The pictures are to be dropped, and the records below are to be restated word for word.

*** Opening of Exercise data ***

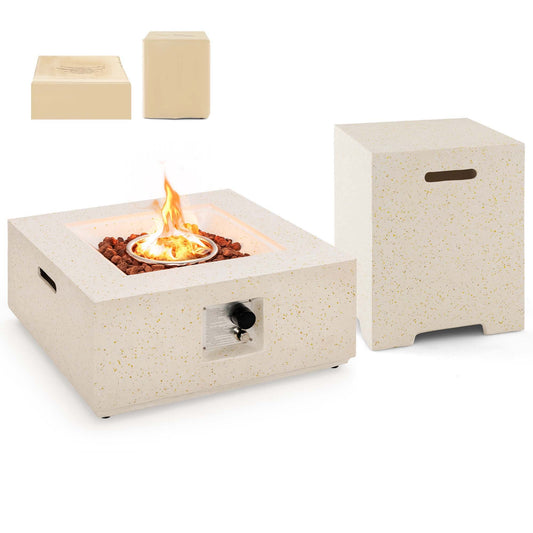 Costway 28-in W 40000 Maximum BTUs Composite Rectangle Liquid propane Fire table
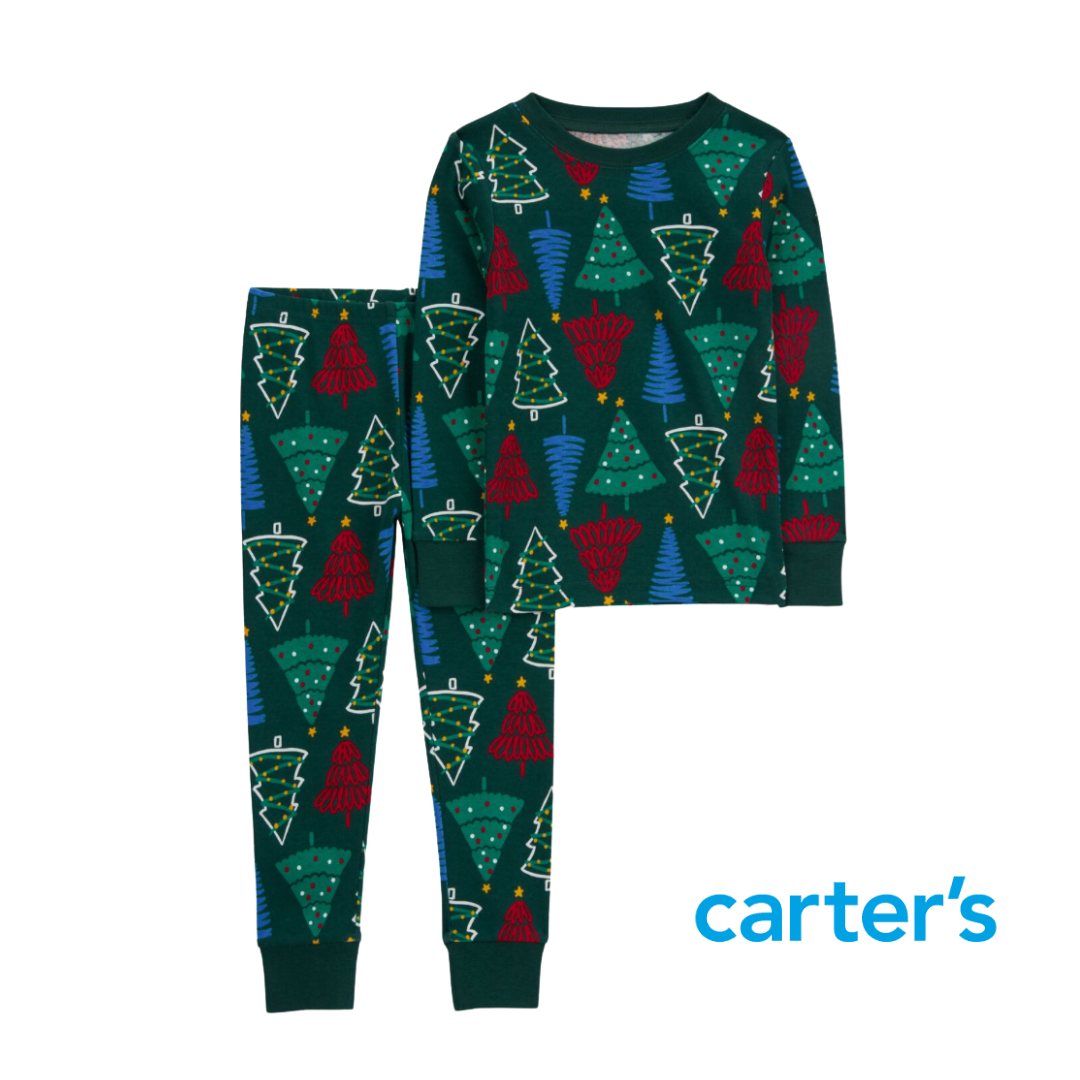 Pijama Verde de Árboles Navideños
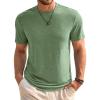 Runcati Mens Short Sleeve T-Shirts Classic Crew Neck Casual Shirt Summer Basic Lightweight Fashion Moisture Wicking Tees(Army Green)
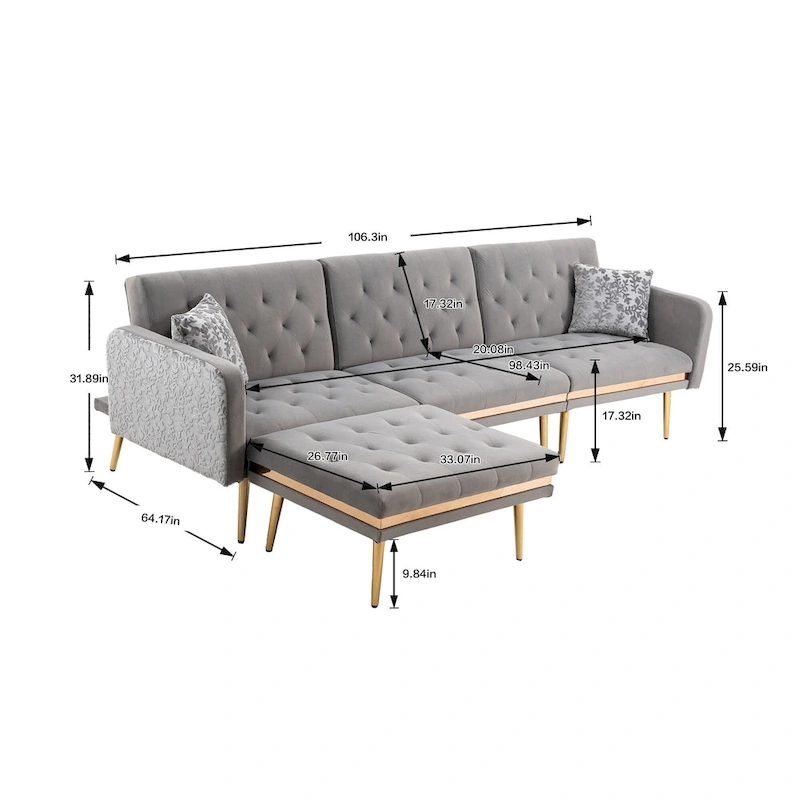 Polyester Upholstered Tufted Sleeper L-Shaped Sectional Sofa With Ottoman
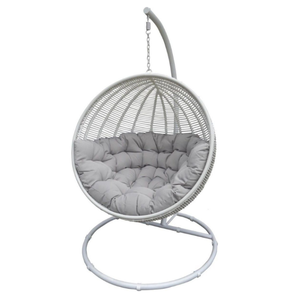 White PE Rattan <b>Hanging</b> Egg <b>Chair</b> with Gray Cushion Modern Outdoor Patio Swing Outdoor Indoor - Product Image 5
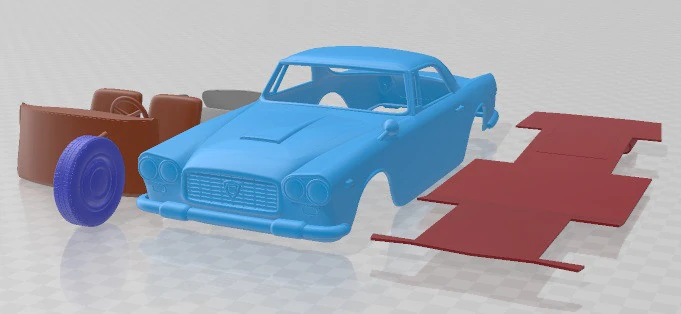 Lancia Flaminia GT 3C 1963 Printable Car 3D Print Model .c4d .max .obj .3ds .fbx .stl .blend 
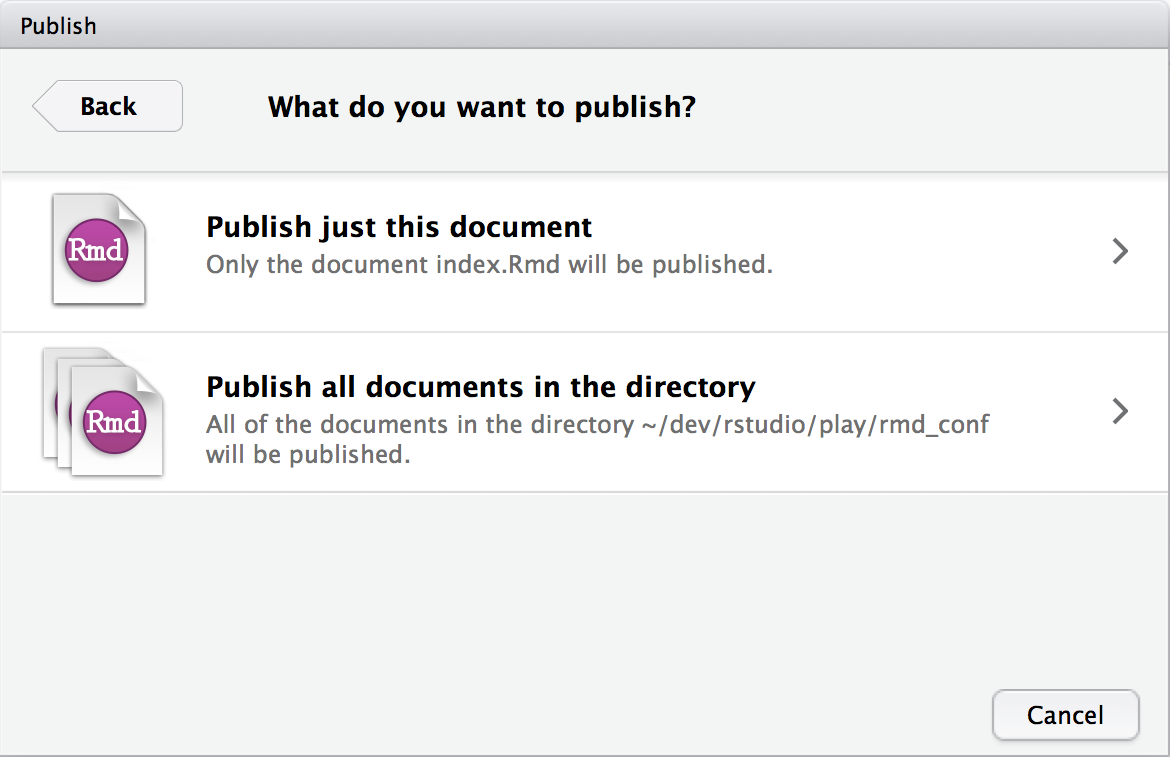 IDE Dialog to publish one or all documents.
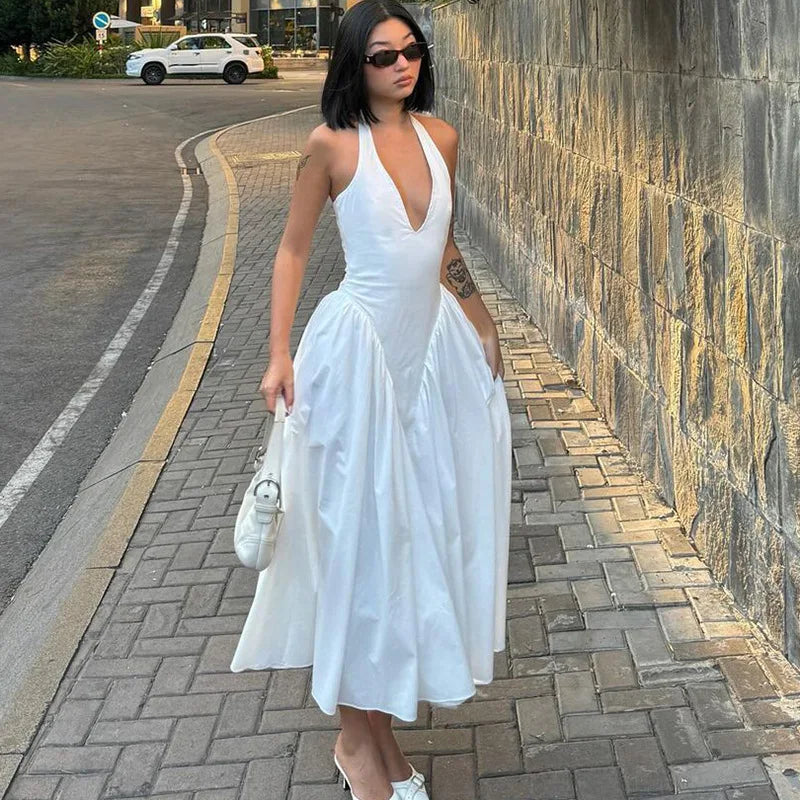 BXOXO Ladies Summer Evening Party New Fashion Dress Women Sleeveless Backless V-Neck Sexy Maxi Dresses Night Clubwear Female Outfits
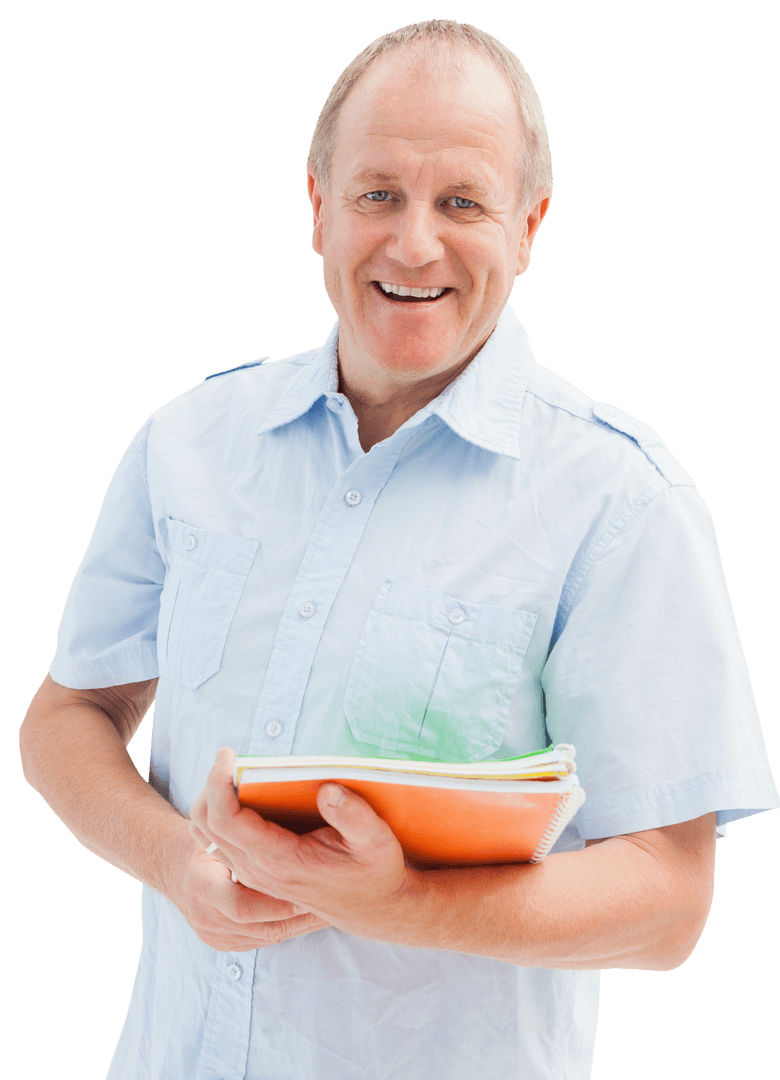 Senior Man Holding Documents Smiling on Transparent Background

*** Close of Exercise data ***

## Output of the task
 Costway 28-in W 40000 Maximum BTUs Composite Rectangle Liquid propane Fire table
 Pijama Verde de Árboles Navideños
 Runcati Mens Short Sleeve T-Shirts Classic Crew Neck Casual Shirt Summer Basic Lightweight Fashion Moisture Wicking Tees(Army Green)
 Polyester Upholstered Tufted Sleeper L-Shaped Sectional Sofa With Ottoman
 White PE Rattan <b>Hanging</b> Egg <b>Chair</b> with Gray Cushion Modern Outdoor Patio Swing Outdoor Indoor - Product Image 5
 Lancia Flaminia GT 3C 1963 Printable Car 3D Print Model .c4d .max .obj .3ds .fbx .stl .blend 
 IDE Dialog to publish one or all documents.
 BXOXO Ladies Summer Evening Party New Fashion Dress Women Sleeveless Backless V-Neck Sexy Maxi Dresses Night Clubwear Female Outfits
 Senior Man Holding Documents Smiling on Transparent Background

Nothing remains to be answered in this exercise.